Good thing we didn’t have anyone sitting beside us in the moviehouse, as Tala would have posed such an annoying distraction with her gyrating. She was dancing and moving about the whole time we watched, asking questions from time to time, like “Why is Michael Jackson still dancing even if he’s dead?” You know, questions that anyone, no matter how high the IQ or how in-depth the understanding of the world, would find difficult to reply to.

We haven’t listened to anything but our compilation MJ CD since then, and whenever we change cars the CD gets transferred to the vehicle in use. She would sing MJ songs in the car, in the bathroom, at school… EVERYWHERE. Tala’s also now learned how to grab her crotch and she does it in public, even when not dancing to MJ music.

Over the weekend, daughter dear tested her dance moves on a very forgiving audience: her father’s family. She said she was going to dance all 17 songs on Disc 2 without breaks, and she would only stop if she gets paid (this was all her idea; I swear I had nothing to do with it). Well, let’s see: first she got rave reviews, strong applause… and after 4 or 5 songs, she got 600 bucks.

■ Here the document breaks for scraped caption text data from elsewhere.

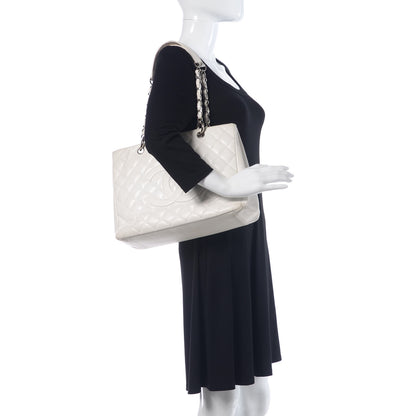 Chanel Caviar Quilted Grand Shopping Tote GST White 2 of 27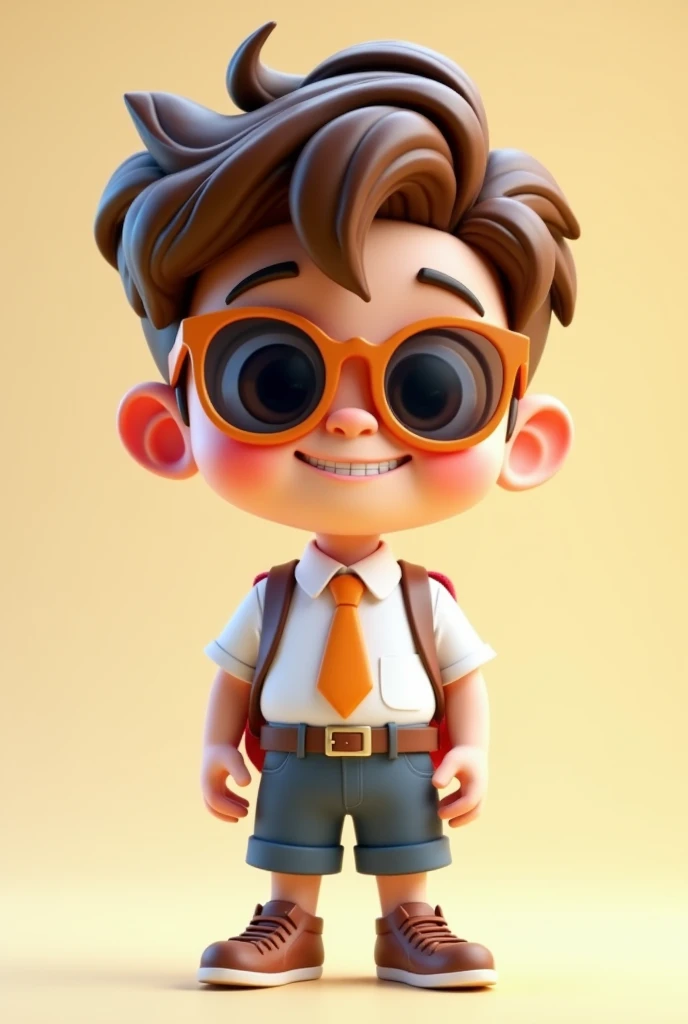 Make a 3D image cartoon boy photo who is wearing school dress sunglasses and tie 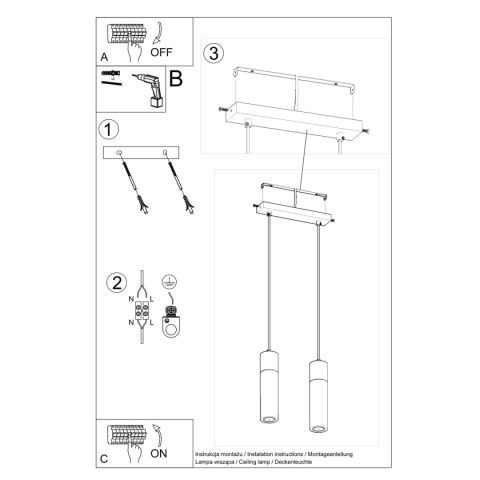 Sollux Lighting Lampa wisząca ZANE 2 szara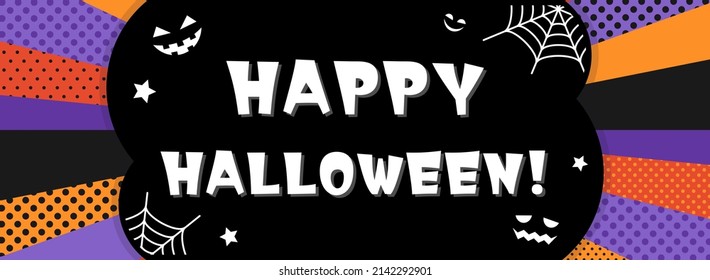 plantilla de marco de banner con línea de enfoque y puntos de polka para Halloween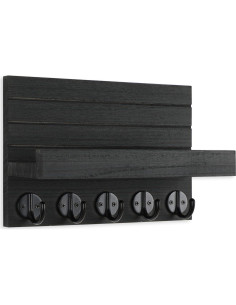 Soporte de Llaves Lwenki de Madera con Estante Negro 2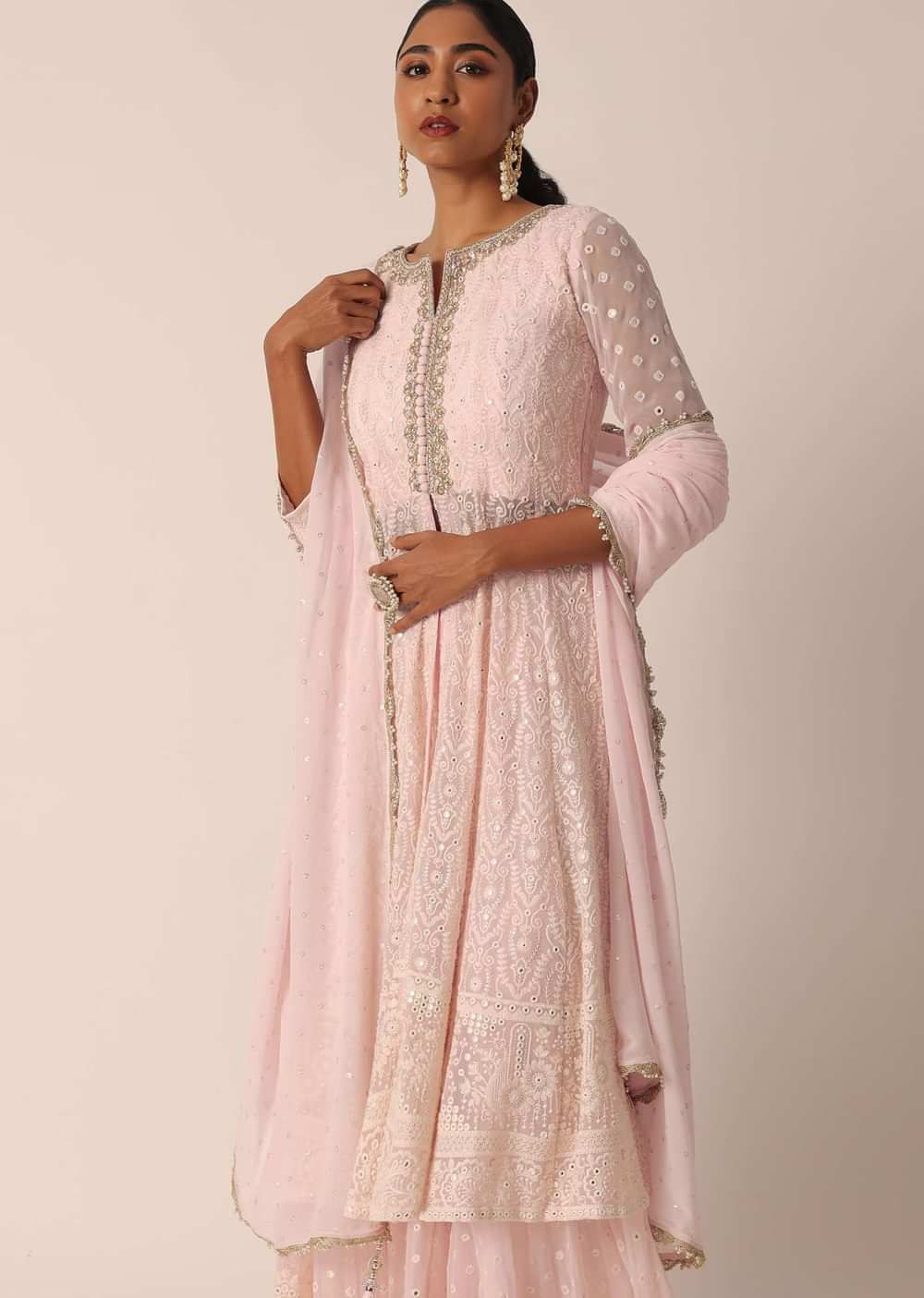 Pink Lucknowi Kurta Sharara Set With Foil Work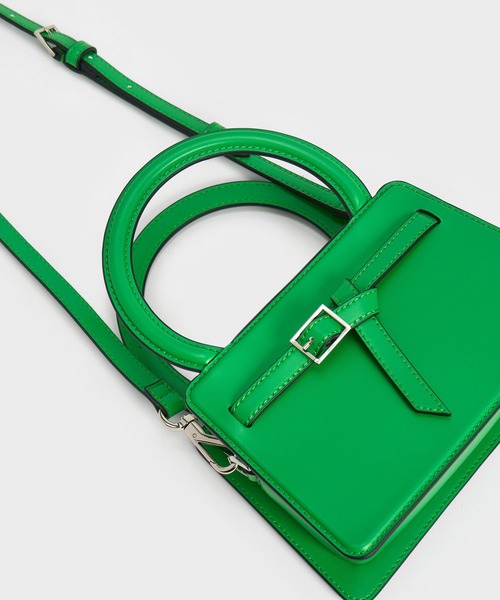 「CHARLES & KEITH」 2WAYバッグ S グリーン レディース_画像8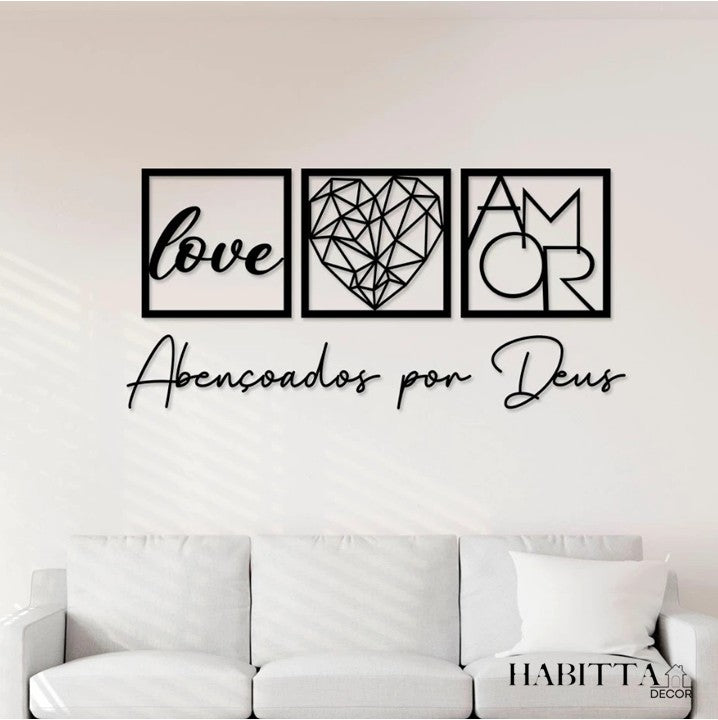Kit com 3 Quadros Decorativos + Frase Abençoados por Deus em MDF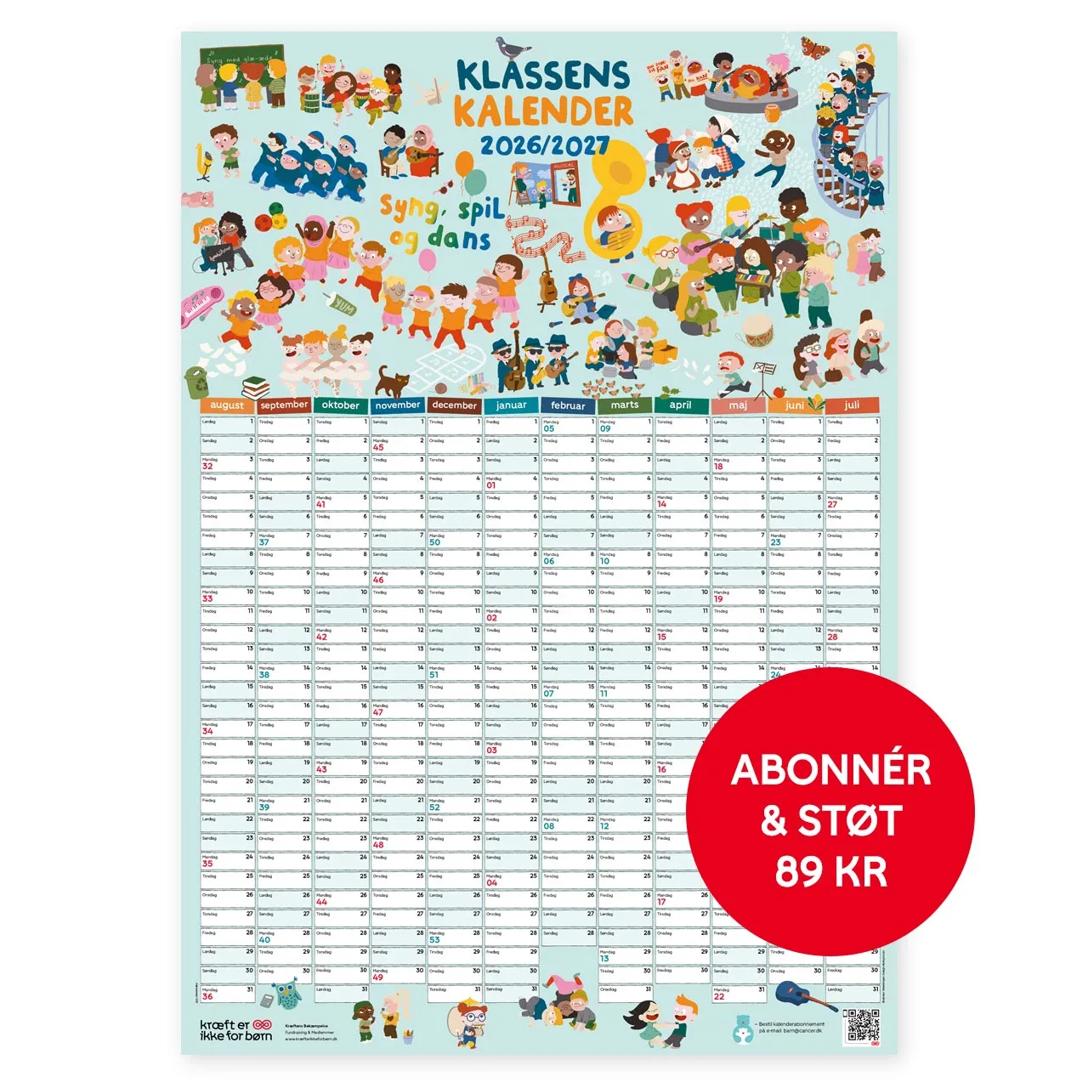 Billede af den spritnye Klassens Kalender 2026/27. Tegneren er StineStregen.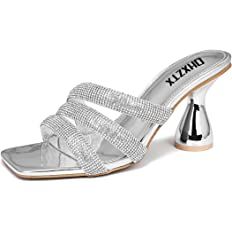 Amazon.com | CAMSSOO Women's Rhinestones Heels Sandals Square Open Toe Strappy Slip On Mules Dress Sexy Fashion Wedding Backless Stilettos Heeled Slippers Pink PU Size US 8 CN 39 | Shoes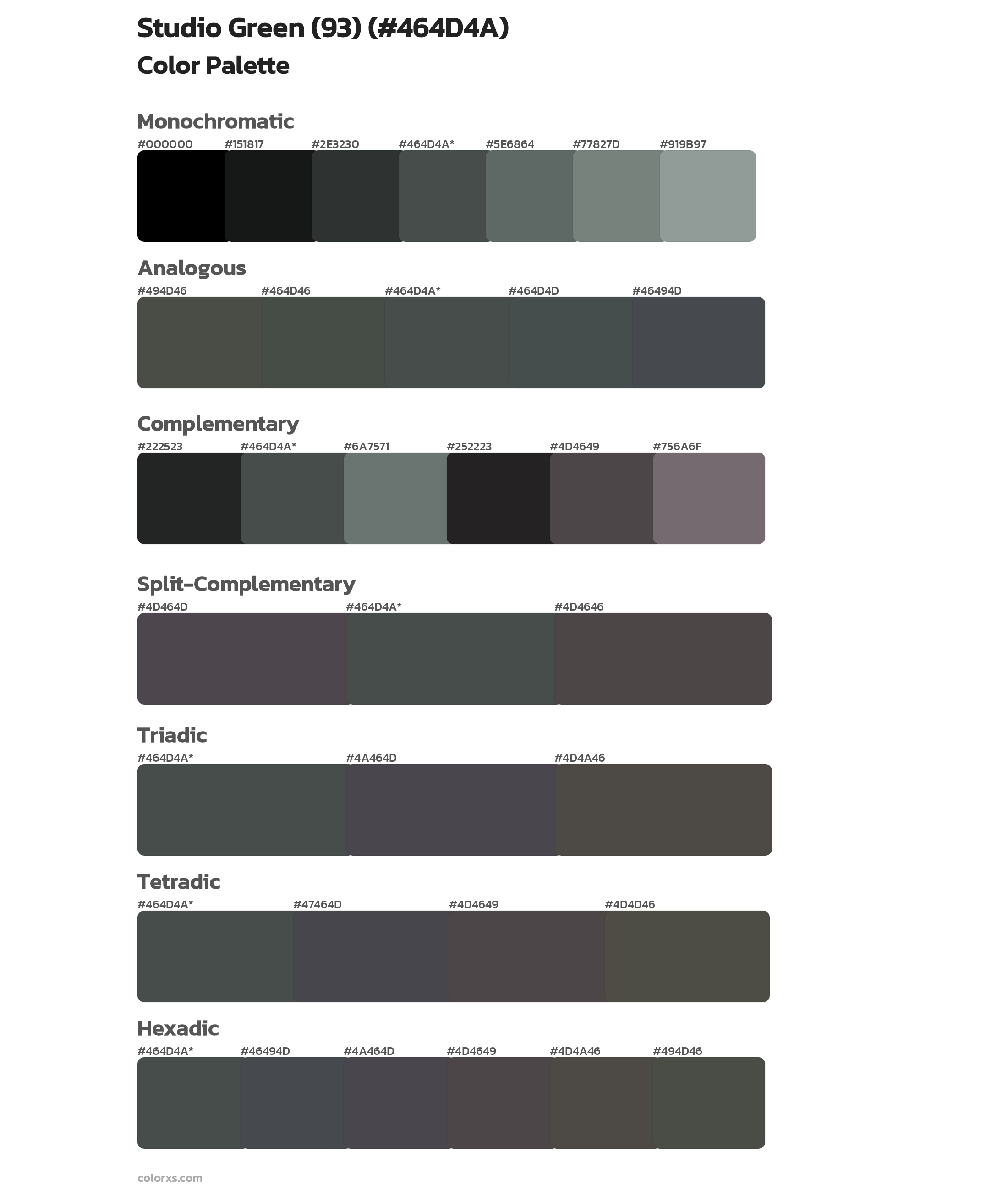 Studio Green (93) Color Scheme Palettes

Enterprising, my daughter is.

Speaking of enterprising, Tala also got her first salary: the audition fee from Ad Farm. Obviously, all her professional income – a total of P1,600 (plus P500 from the recent garage sale… P2,100!!!) thus far – goes straight to the bank. I’m not about to allow her to spend it all on toys that will only eventually go to the garage sale or the trash, depending on condition.

So anyway, what do I like best about Tala’s new found love for dance? The activity makes her hungry enough to eat two servings of rice and ulam, and sleepy enough to go to bed early. Nyahahahaha!!!!!